TASK DIRECTIONS ::
In the listing below, print exactly the lines between the line holding "1414 Park Ave, River" and the line holding "How to reduce the cost of running your car", inclusive, and no more.

EXCERPTED RECORDS ::
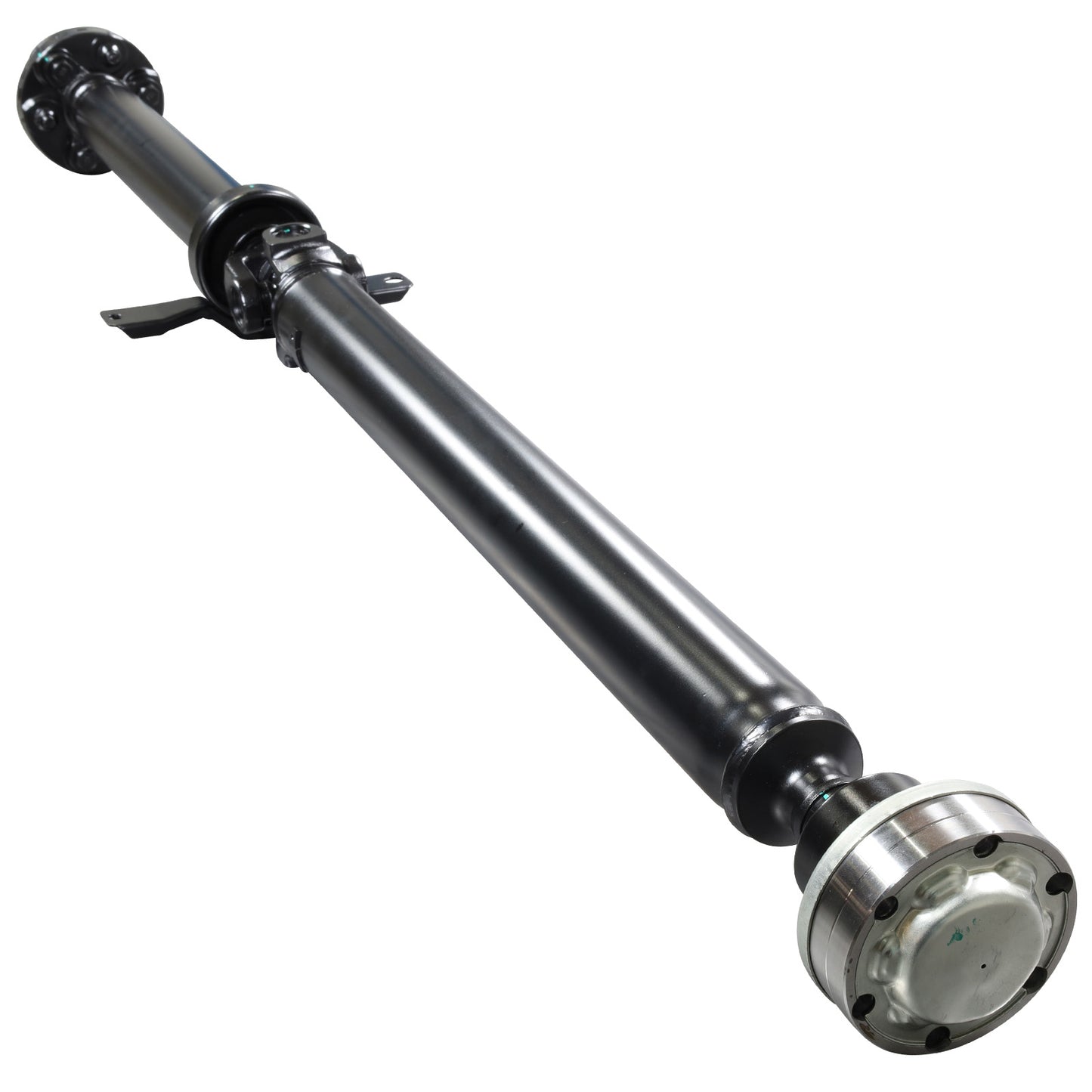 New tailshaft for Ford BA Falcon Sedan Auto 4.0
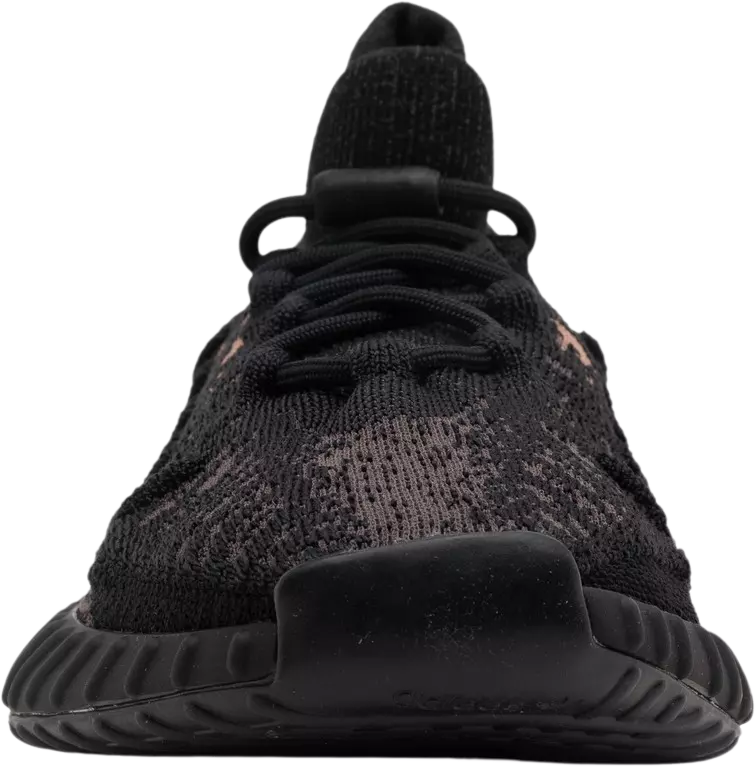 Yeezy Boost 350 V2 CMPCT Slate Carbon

==

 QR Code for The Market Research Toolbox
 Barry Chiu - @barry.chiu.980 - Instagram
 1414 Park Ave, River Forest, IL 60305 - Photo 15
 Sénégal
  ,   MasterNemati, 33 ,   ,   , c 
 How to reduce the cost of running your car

--

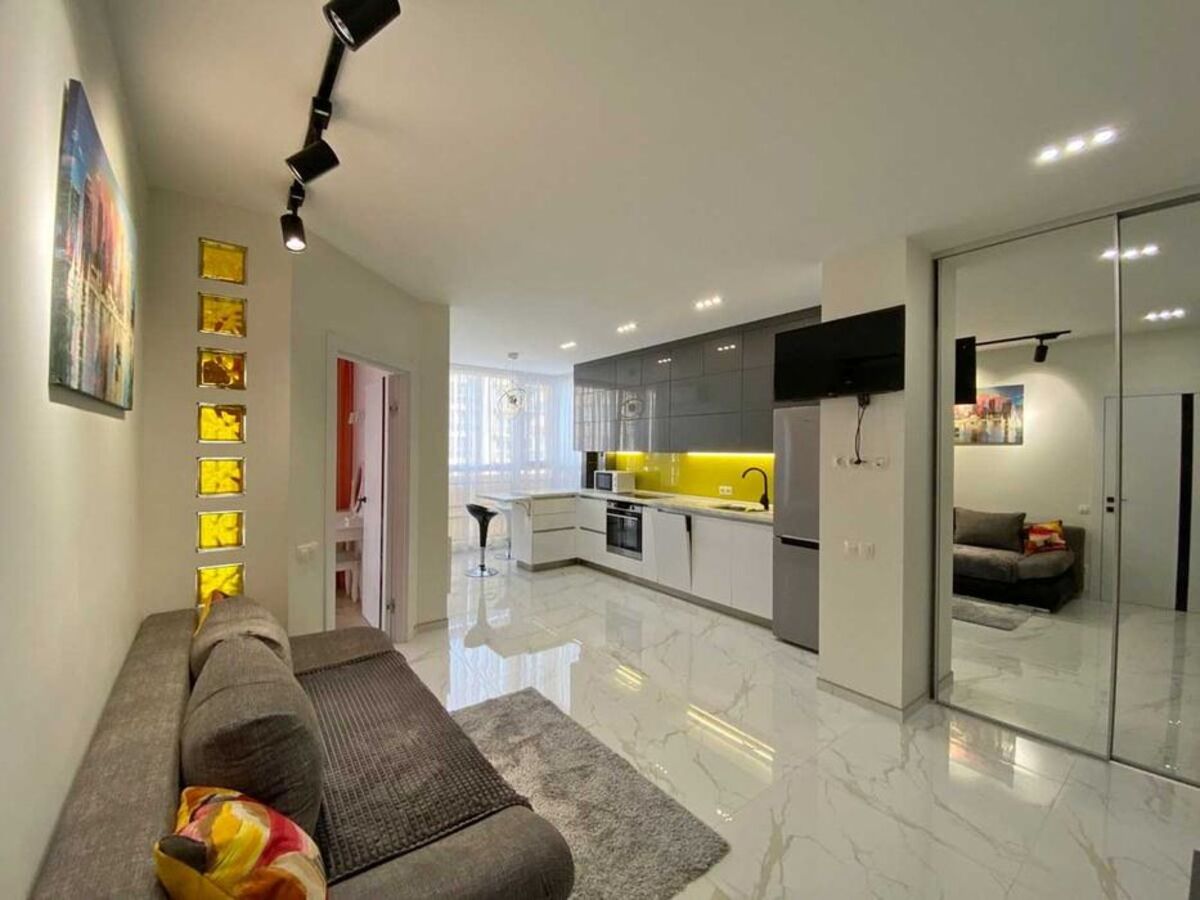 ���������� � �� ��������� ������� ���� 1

RESULT OF THIS TASK ::
 1414 Park Ave, River Forest, IL 60305 - Photo 15
 Sénégal
  ,   MasterNemati, 33 ,   ,   , c 
 How to reduce the cost of running your car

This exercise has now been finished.